To do –
As you print the data below, keep every line exactly as it is and leave the images behind.
┌──
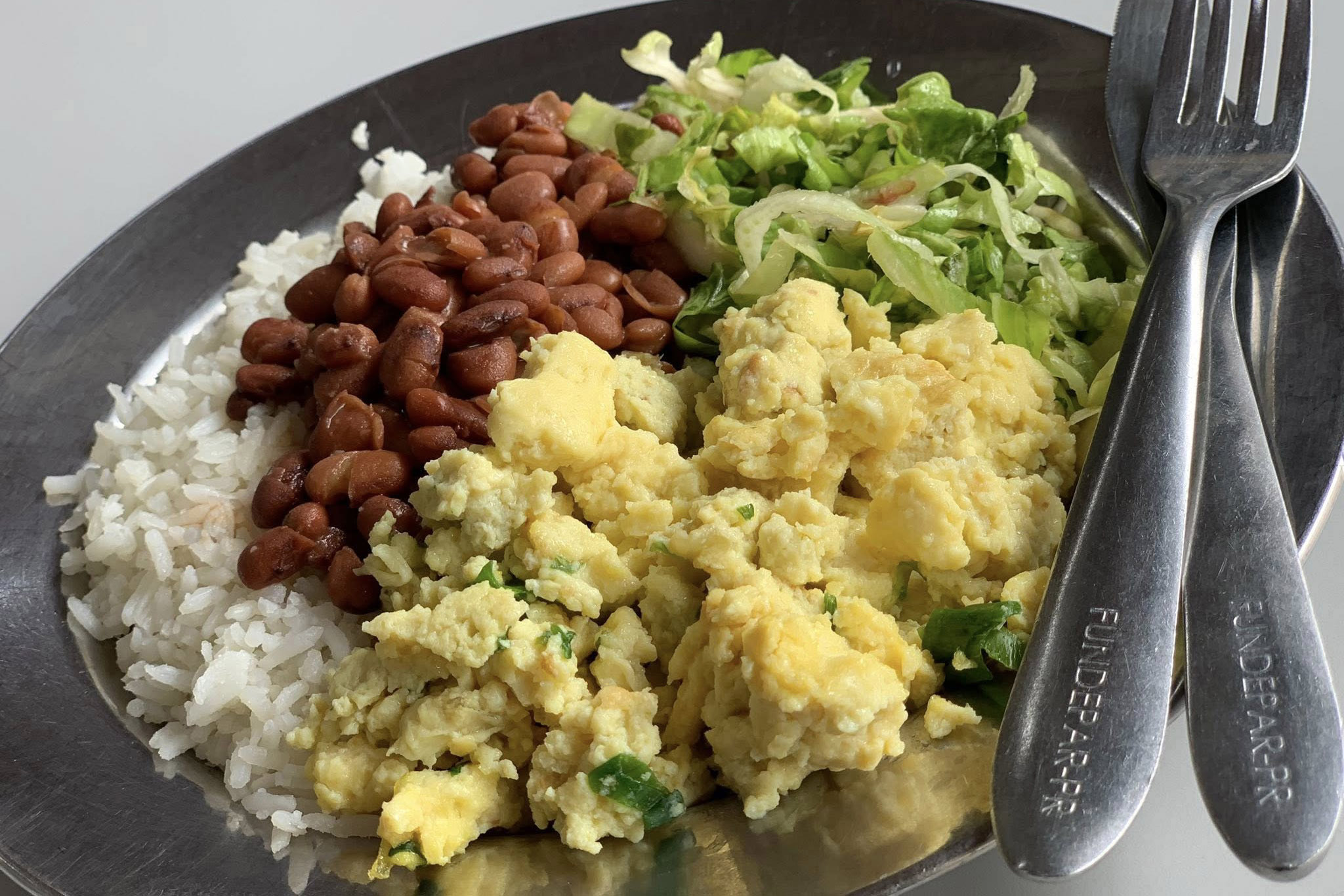 Paraná bate recorde de investimento em alimentos orgânicos nas escolas estaduais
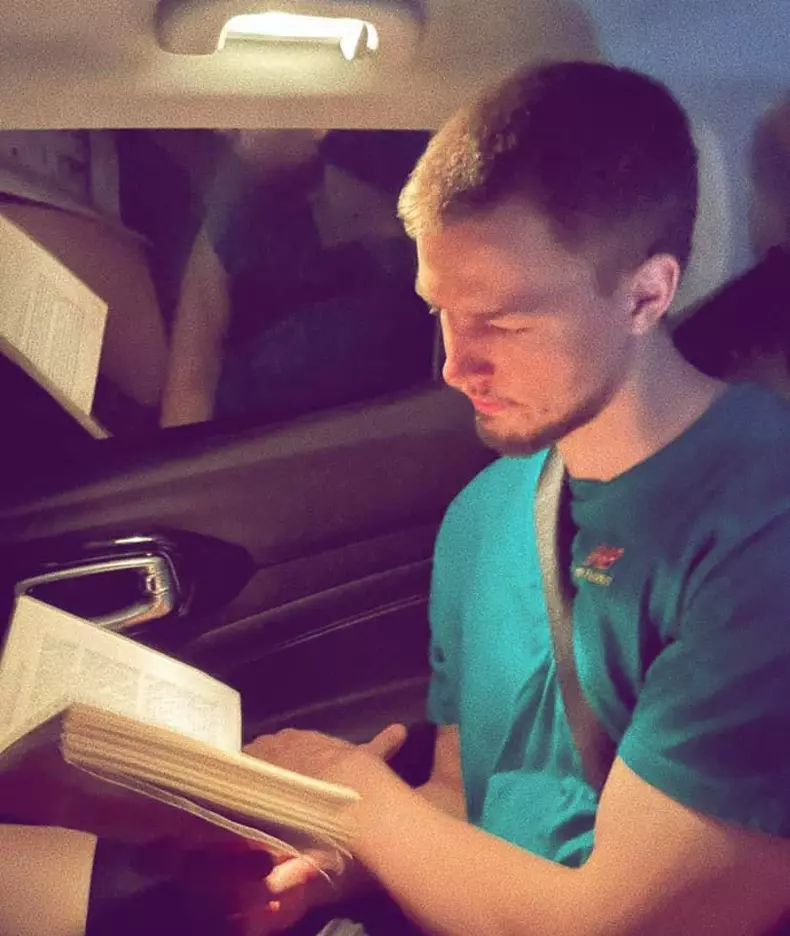 Levi-Eleket-iubit-Mira-3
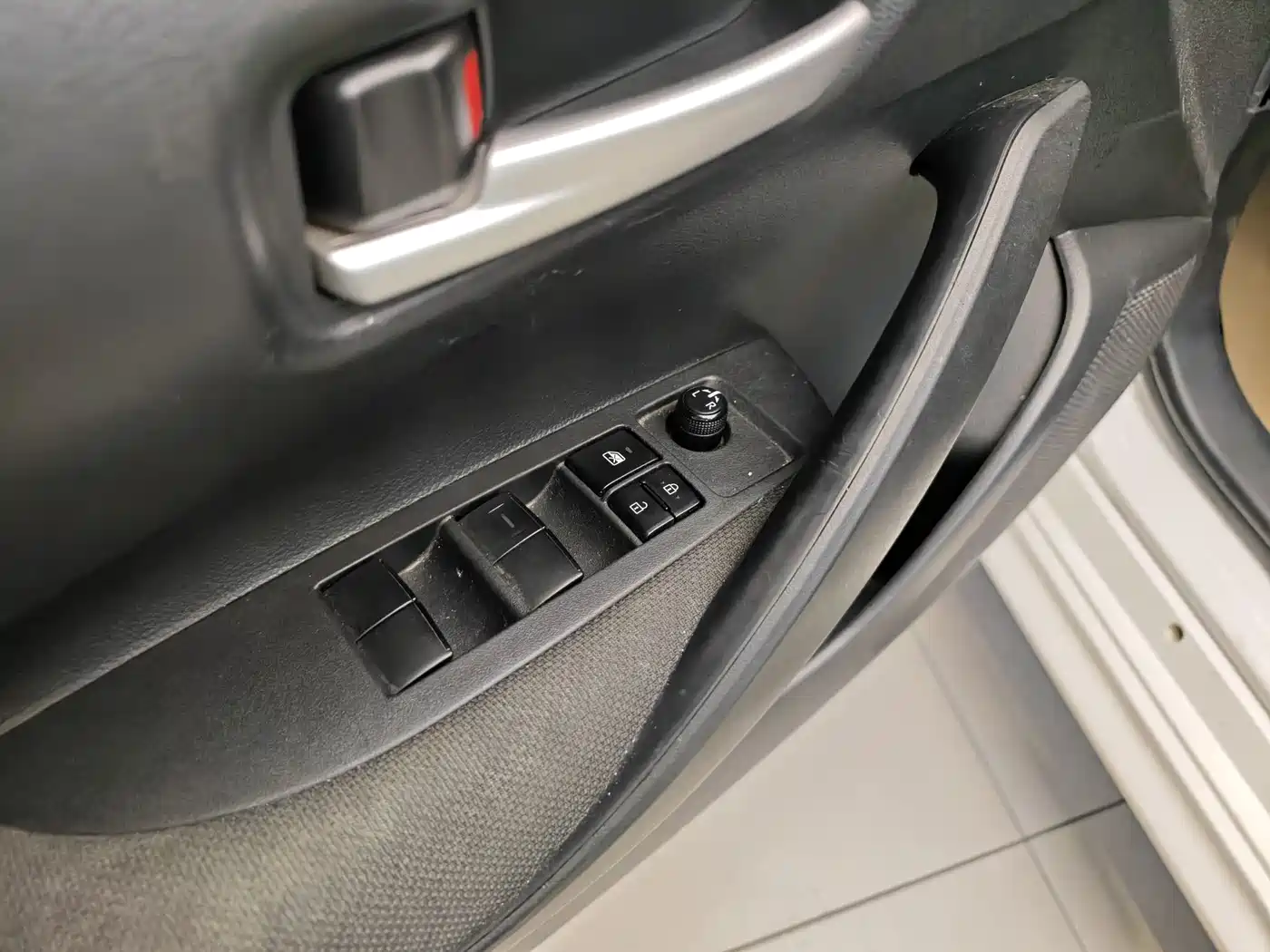 Toyota Levin 2022 TNGA 1.5L CVT Progressive Edition фото 10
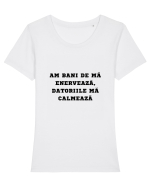 AM BANI DE MĂ ENERVEAZĂ - DATORIILE MĂ CALMEAZĂ Tricou mânecă scurtă guler larg fitted Damă Expresser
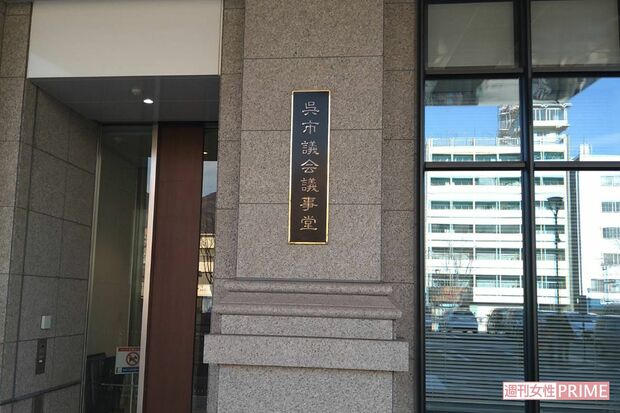 呉市議会議事堂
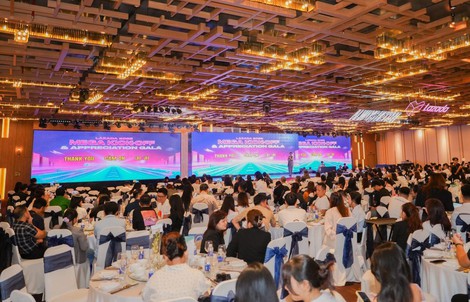 Lazada thổi bùng sức nóng mùa Mega Sale cuối năm với sự kiện kick-off hoàng tráng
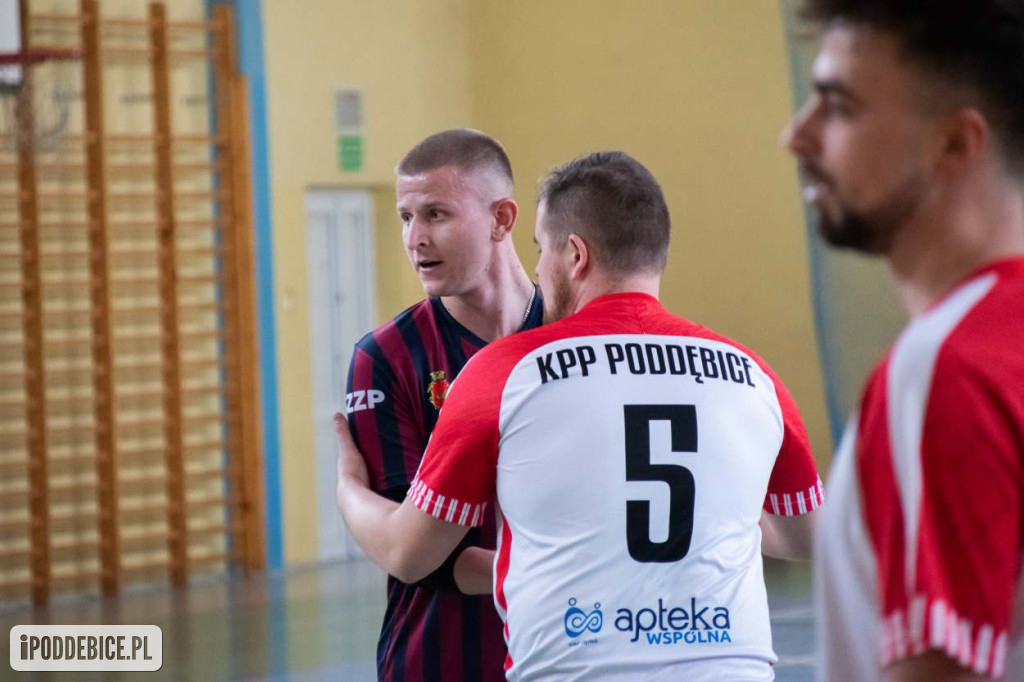 Policjantki i policjanci zagrali w Turnieju Halowej Piłki Nożnej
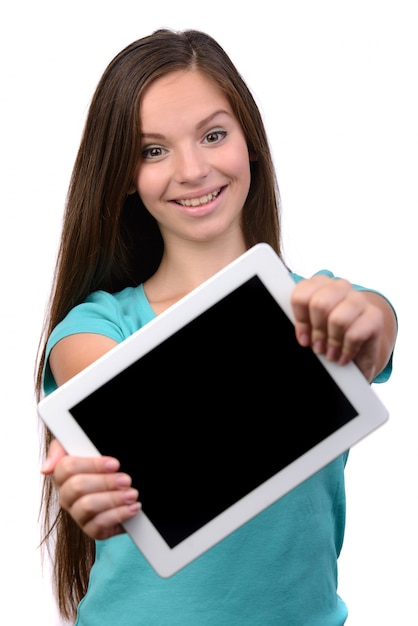 Mooi meisje toont een scherm digitale tablet.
└──
Result for this task –
 Paraná bate recorde de investimento em alimentos orgânicos nas escolas estaduais
 Levi-Eleket-iubit-Mira-3
 Toyota Levin 2022 TNGA 1.5L CVT Progressive Edition фото 10
 AM BANI DE MĂ ENERVEAZĂ - DATORIILE MĂ CALMEAZĂ Tricou mânecă scurtă guler larg fitted Damă Expresser
 呉市議会議事堂
 Lazada thổi bùng sức nóng mùa Mega Sale cuối năm với sự kiện kick-off hoàng tráng
 Policjantki i policjanci zagrali w Turnieju Halowej Piłki Nożnej
 Mooi meisje toont een scherm digitale tablet.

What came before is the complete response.